Até as pessoas para quem o anterior emprego era sinónimo de stress, cansaço e aborrecimento podem ser surpreendidas por alguma saudade. É natural que as pessoas se apeguem aos colegas, aos sítios, e até ao restaurante onde costumavam almoçar. Por outro lado, esta perda envolve também o estatuto da pessoa, que passa de alguém conhecido e respeitado, a ser visto como um estranho, um desconhecido.

Não seja demasiado exigente consigo

Não tente dar logo o seu máximo no inicio. É claro que é importante causar uma boa impressão e tranquilizar a empresa pela escolha que fez. No entanto, lembre-se que a avaliação é contínua e que o seu bom desempenho deverá ser constante.

Não pense unicamente em si

Procure perceber que expetativas a empresa, os seus superiores, colegas e subalternos têm de si. Está corresponder? Converse com as outras pessoas, para definir o que podem fazer e de que forma se podem atuar para que as várias expectativas não sejam goradas.

Não se sente “bem recebido”?

É verdade que algumas empresas não dão justa atenção ao acolhimento dos novos colaboradores, decepcionando a entrada destes no ambiente empresarial. Mais uma vez, dê tempo ao tempo, apesar de ser exigido um maior esforço de adaptação, a verdade é que esta negligência pode não ser intencional.

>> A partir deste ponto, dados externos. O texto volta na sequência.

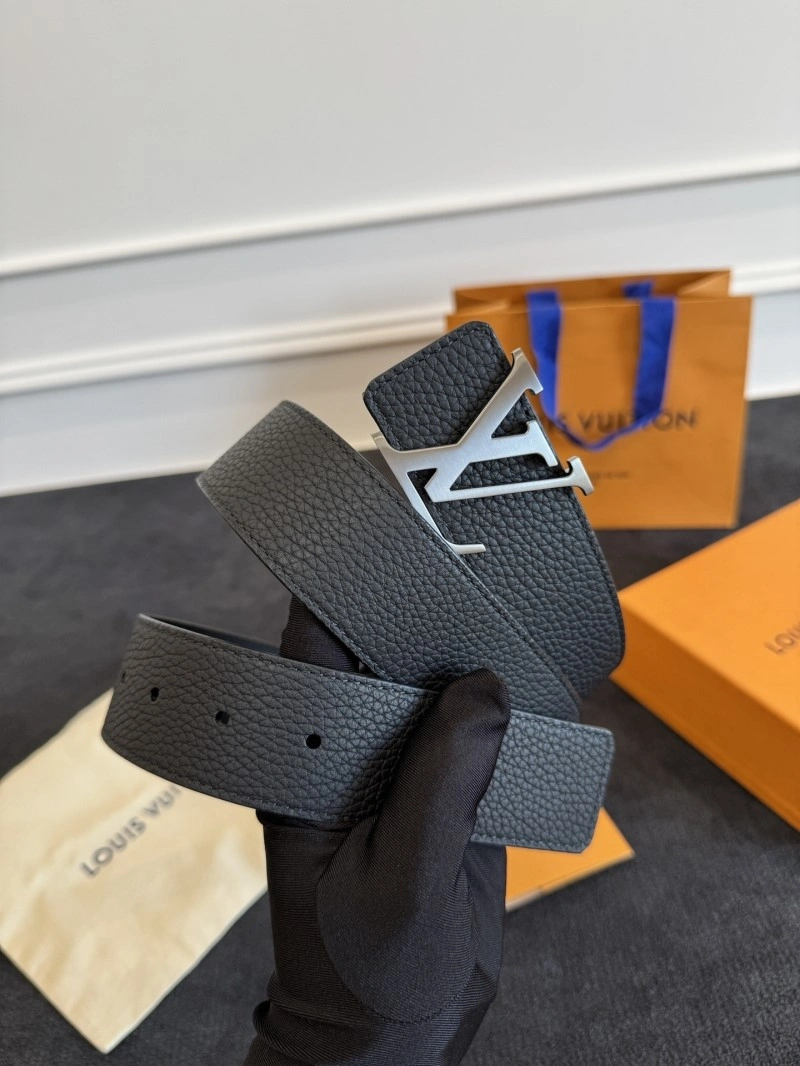 Breathable Louis Vuitton Belts 300896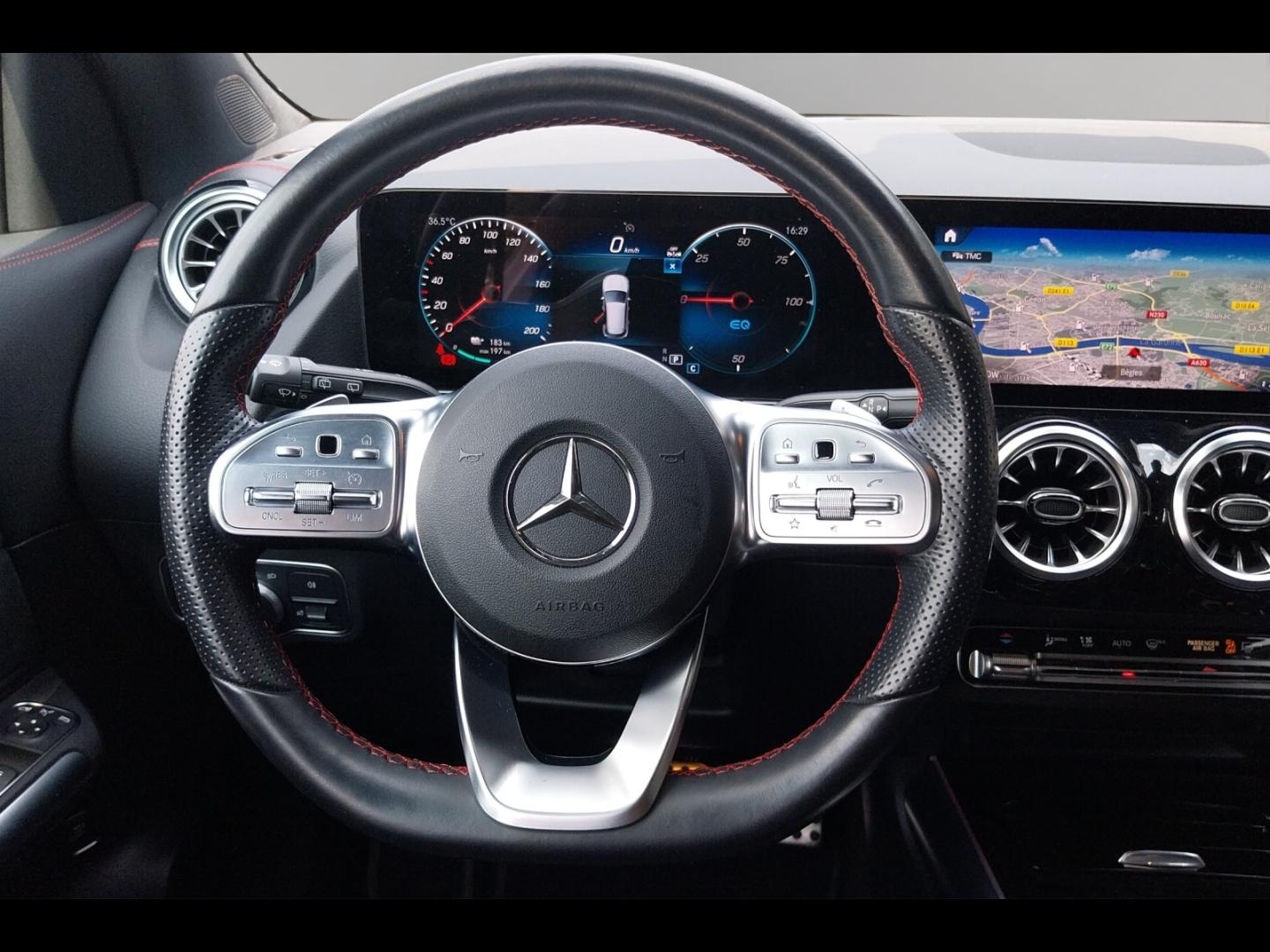 Image MERCEDES-BENZ EQA 350 292ch AMG Line 4MATIC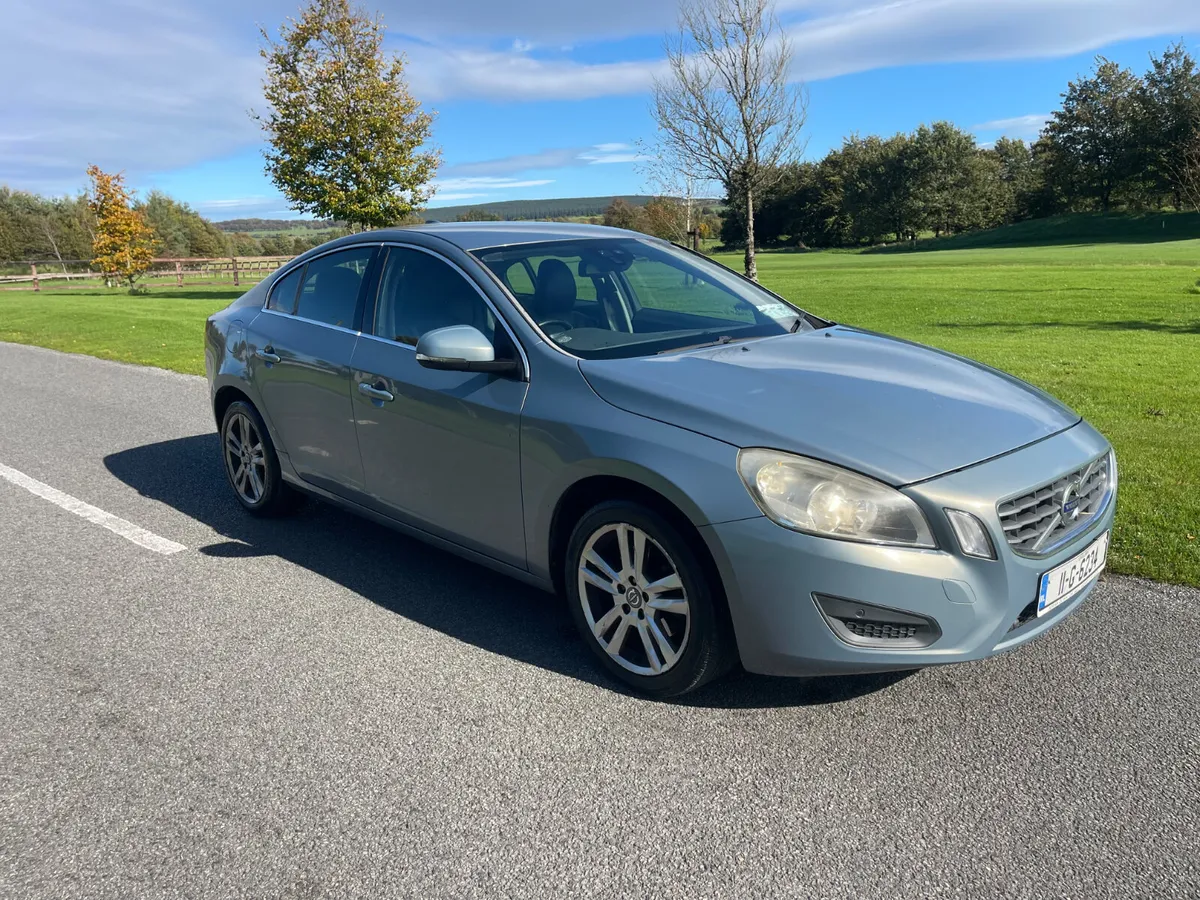 Volvo S60 2011 - Image 4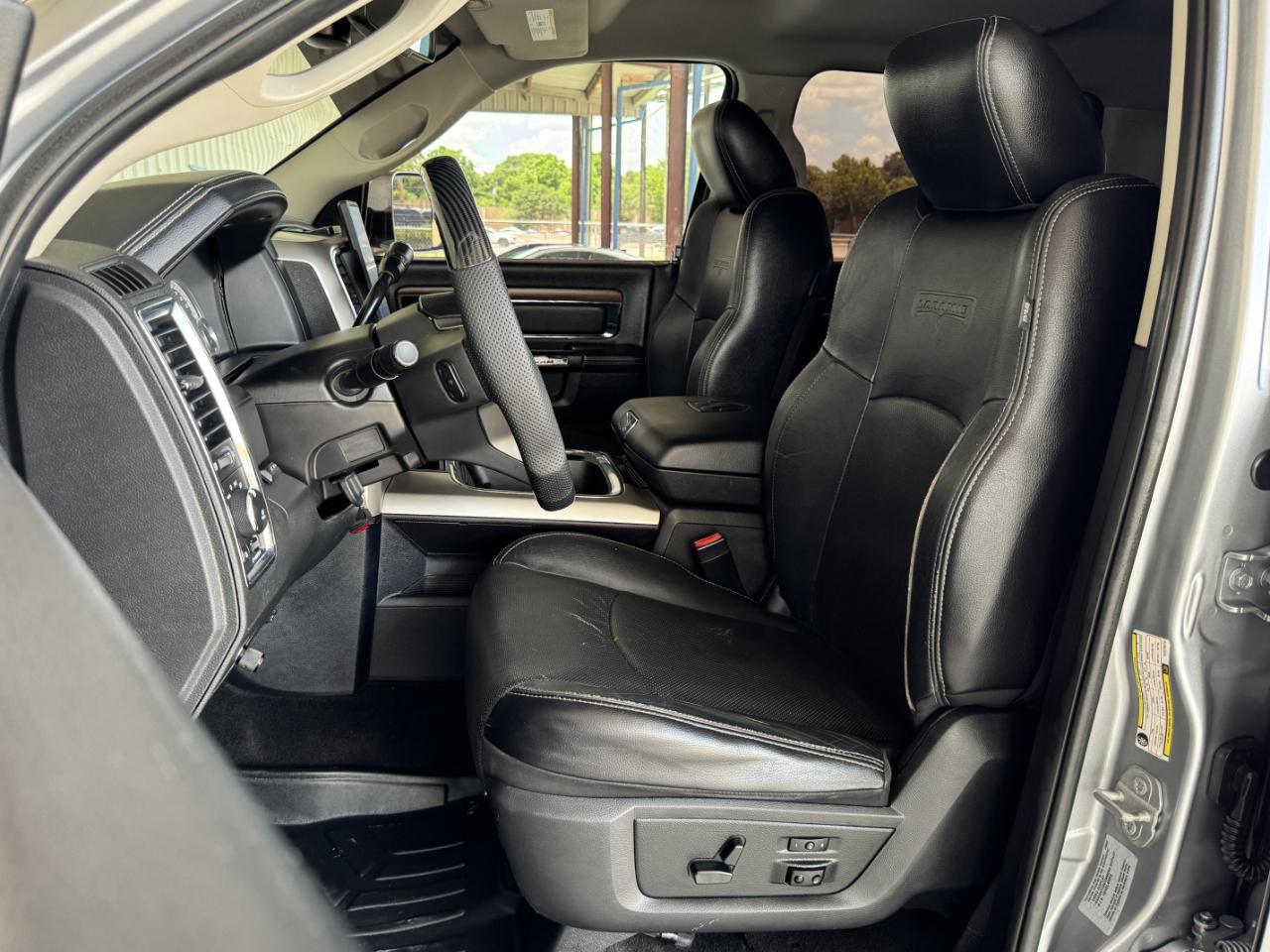 RAM 2500 Laramie Crew Cab 4WD 2017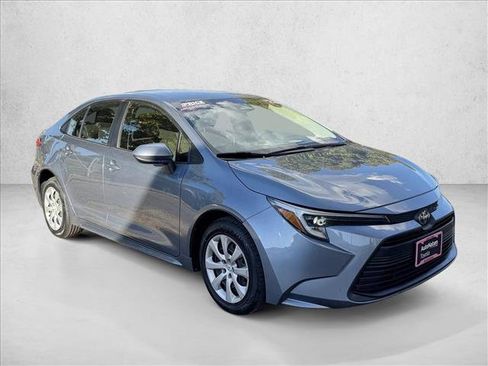 Used 2023 Toyota Corolla LE image 3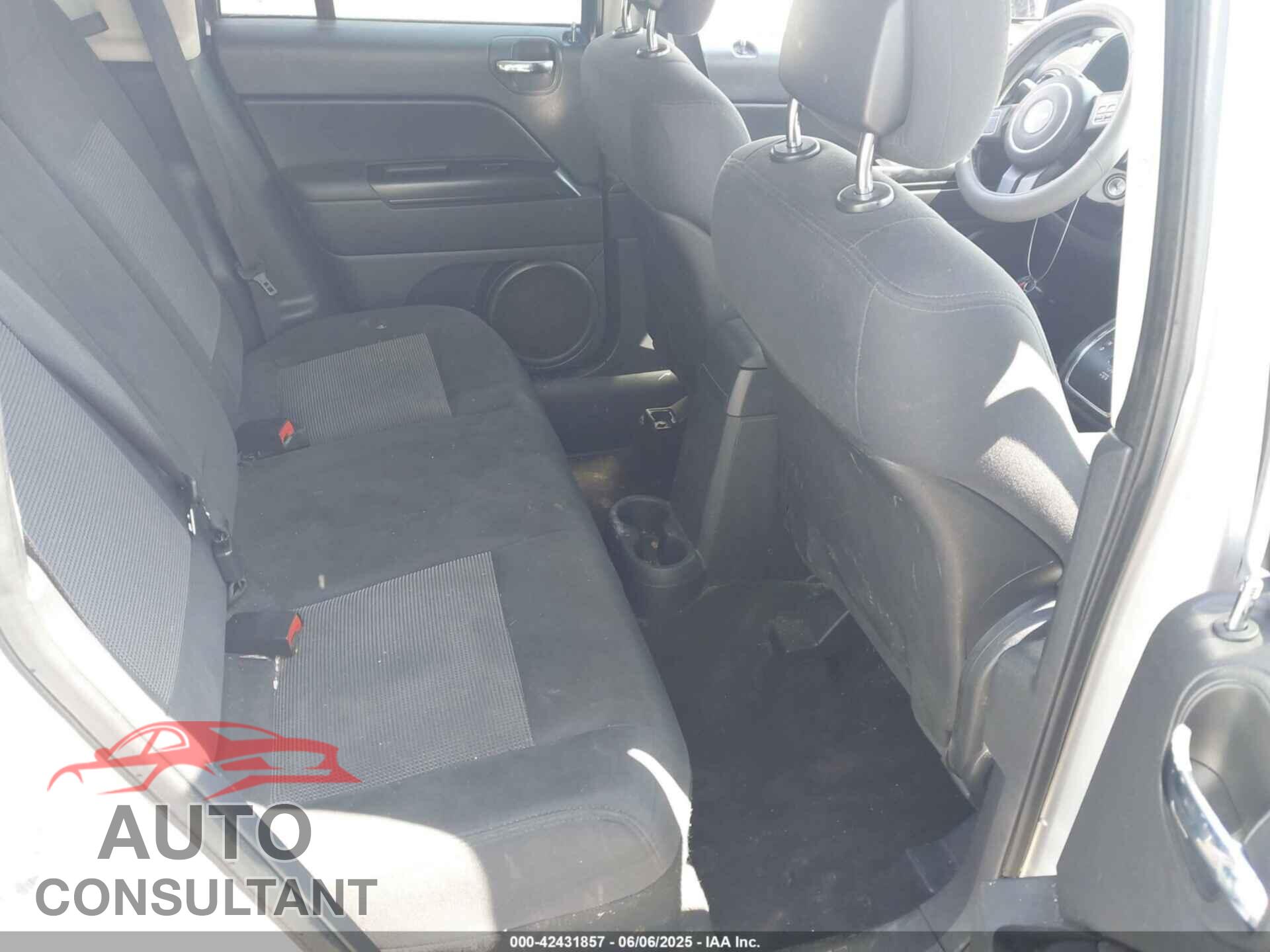 JEEP COMPASS 2011 - 1J4NF1FB3BD211007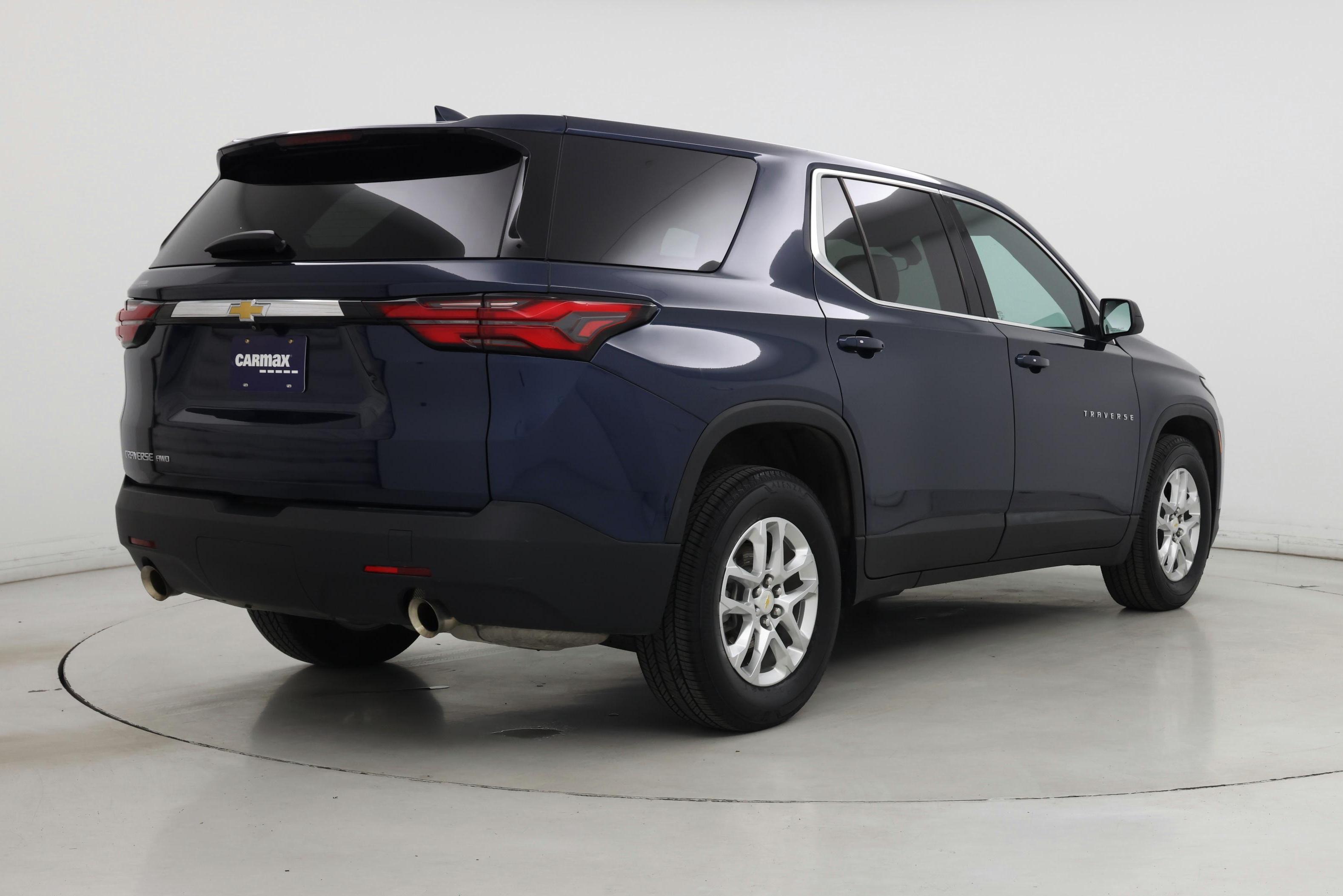 Thumbnail: 2023 Chevrolet Traverse - 8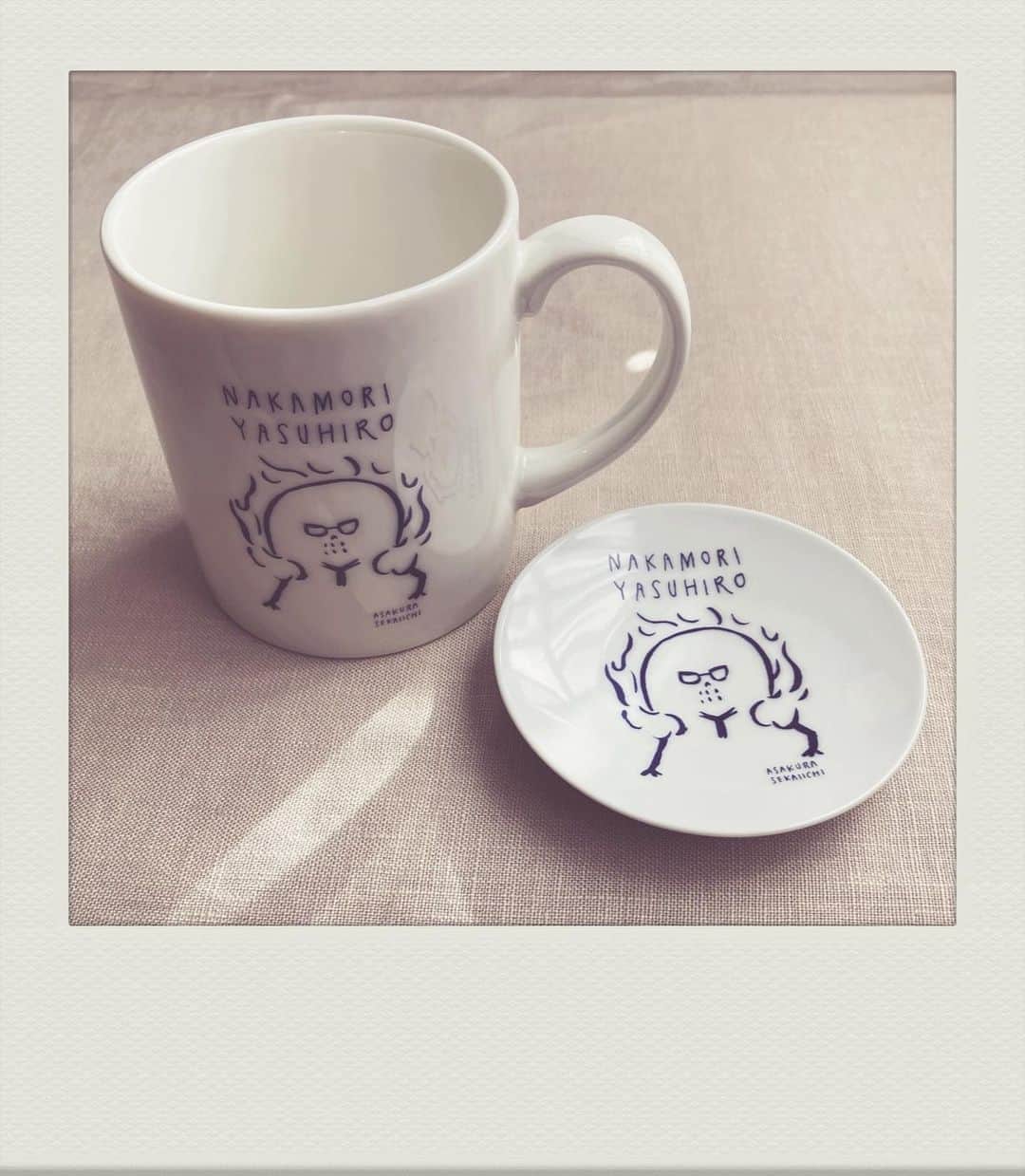 朝倉世界一のインスタグラム：「中森泰弘さんのグッズの絵を描きました〜 サイトにはＴシャツもあります！ https://nakamori1959.thebase.in/」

Assuma as suas preocupações

Fale abertamente com amigos e familiares. Por vezes, as pessoas têm vergonha de assumir que estão preocupados ou, de alguma forma, desiludidos com a escolha que fizeram. Este tipo de reclusão piora muitas vezes a situação.

Enfrente a realidade

É provável que, na sua tomada de decisão, já tivesse ponderado a hipótese de alguns aspetos menos favoráveis poderem surgir com este novo emprego. Como mesmo assim decidiu avançar, está na hora de lidar com esses problemas! Deixe-se de lamúrias e não reclame: afinal, a escolha foi sua!